== Input records ==
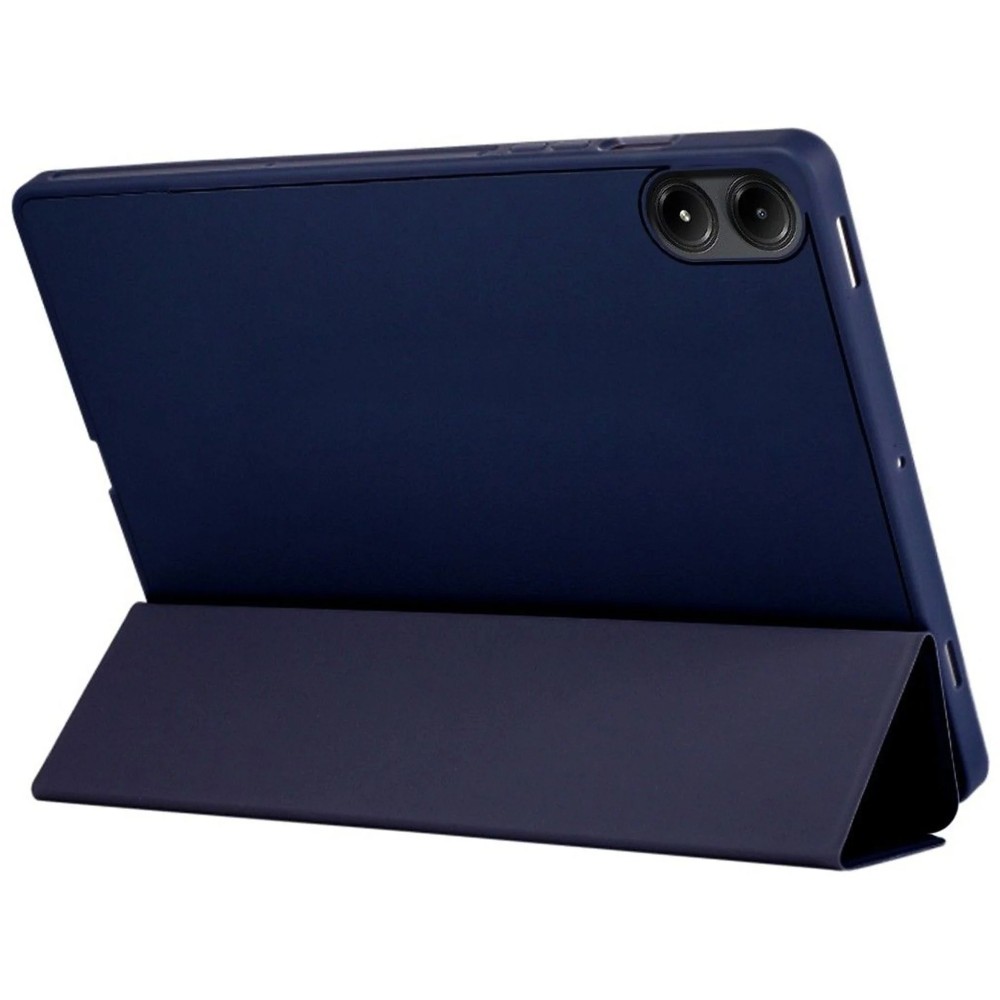 FUNDA SMART COVER PARA TABLET XIAOMI REDMI PAD PRO 12,1' AZUL - 3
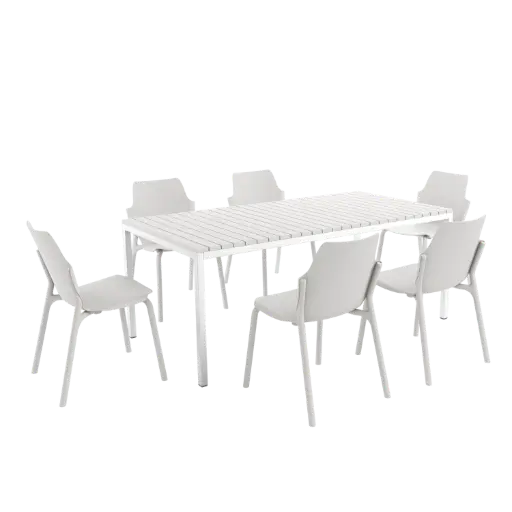 Ambrogio & Babila 7 részes szett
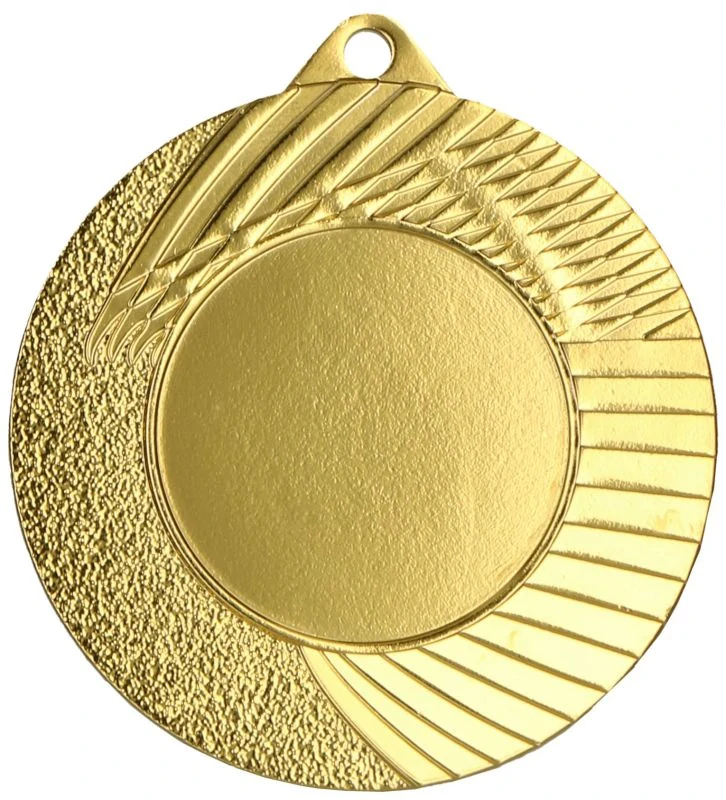 Medaila MMC4502/G,S,B - pr.45 mm, hr.2 mm) 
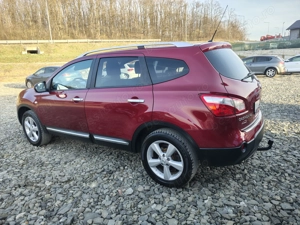 Nissan Qashqai+2 7 Locuri - imagine 4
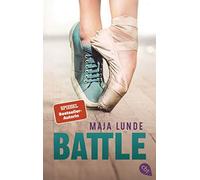 Maja Lunde Antje Subey-Cramer Battle (Tapa blanda)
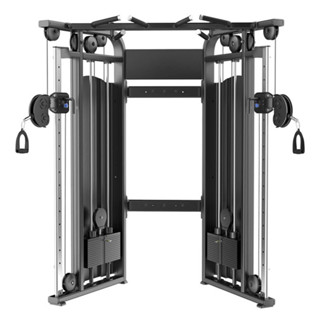 FTS Dual Adjustable Pulley E1017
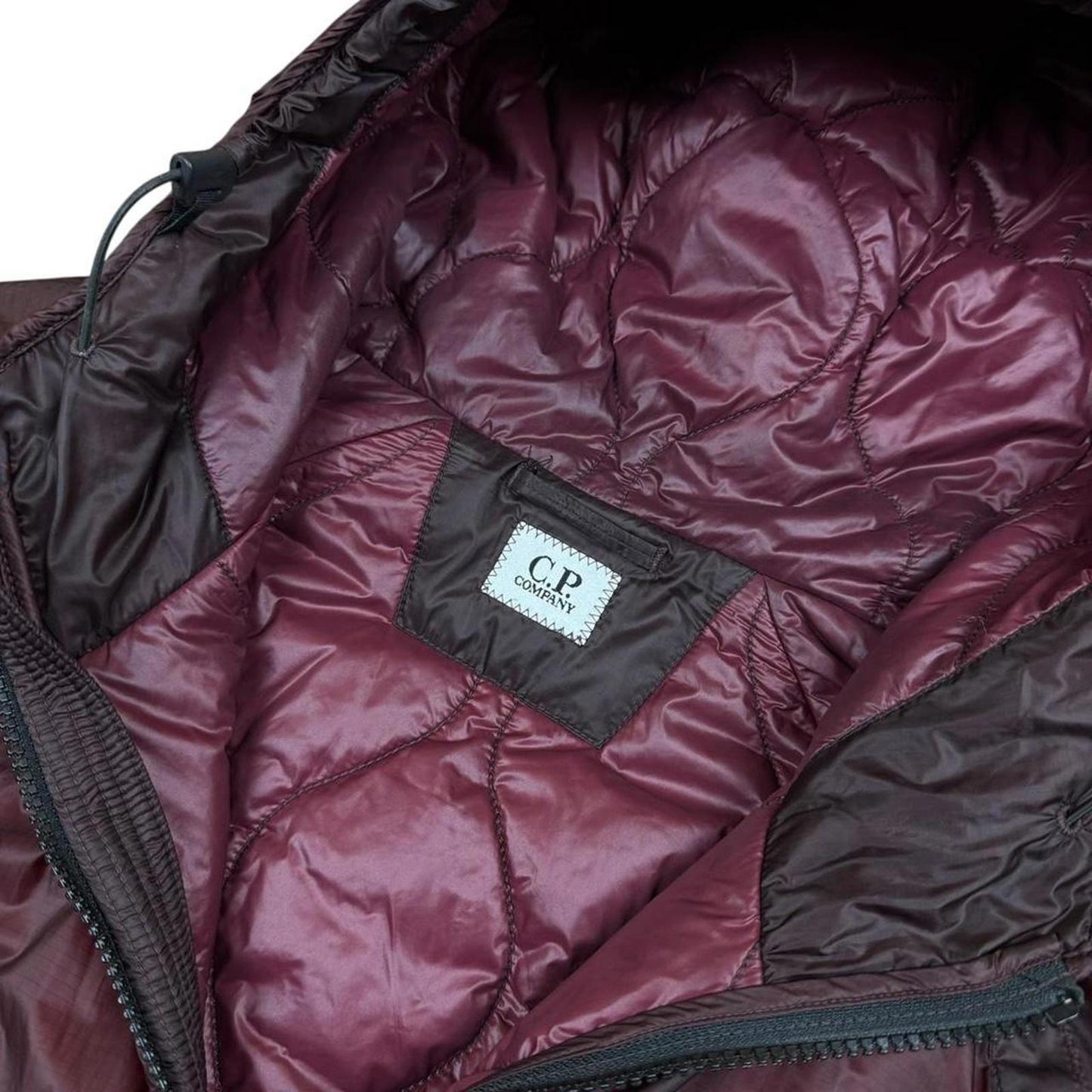 C.P. Company Jacket - XL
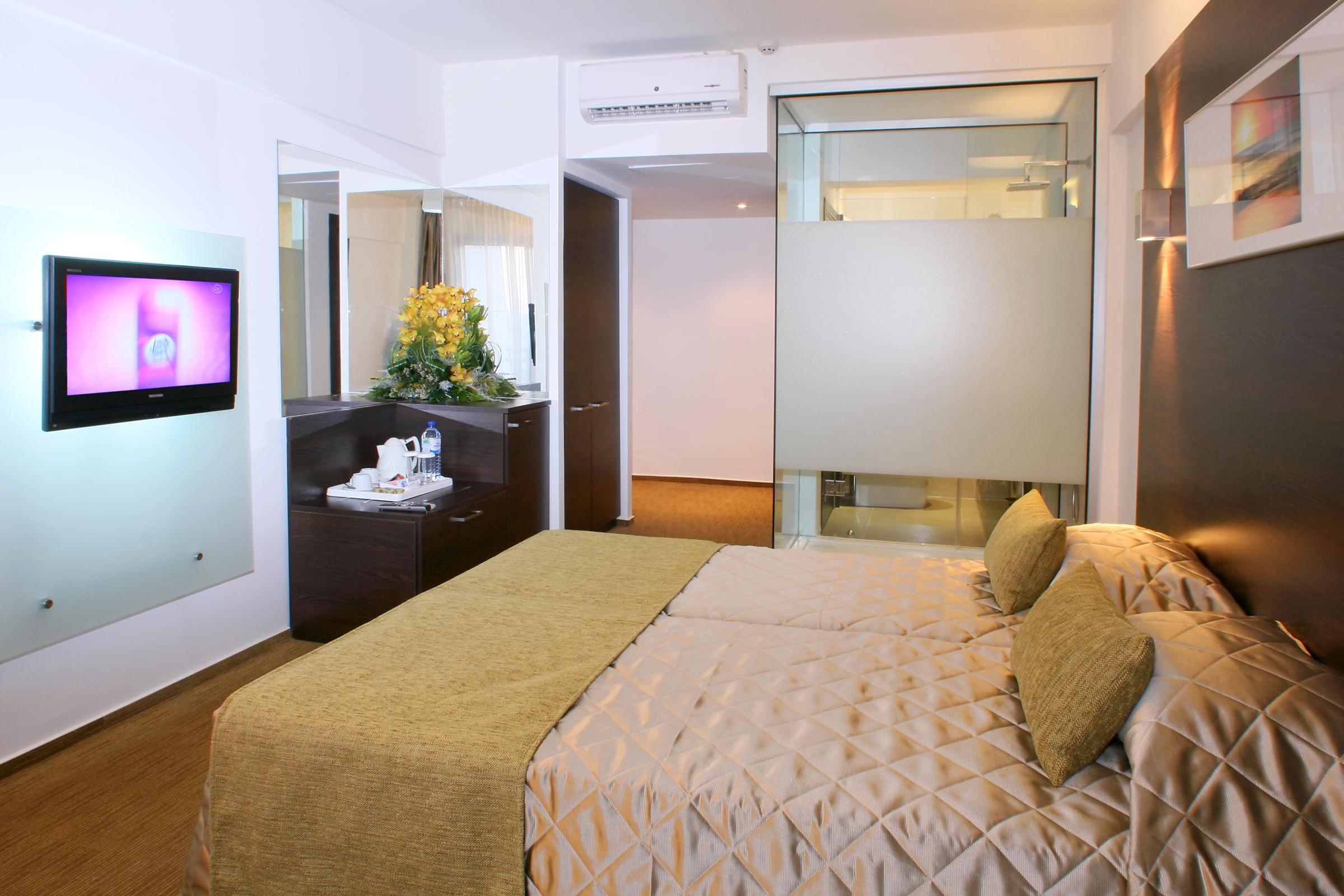 amorgos boutique hotel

== Work to complete ==
Send back every record exactly as it stands, except the pictures.

== Result below ==
 FUNDA SMART COVER PARA TABLET XIAOMI REDMI PAD PRO 12,1' AZUL - 3
 Ambrogio & Babila 7 részes szett
 Medaila MMC4502/G,S,B - pr.45 mm, hr.2 mm) 
 Nissan Qashqai+2 7 Locuri - imagine 4
 Maja Lunde Antje Subey-Cramer Battle (Tapa blanda)
 FTS Dual Adjustable Pulley E1017
 C.P. Company Jacket - XL
 amorgos boutique hotel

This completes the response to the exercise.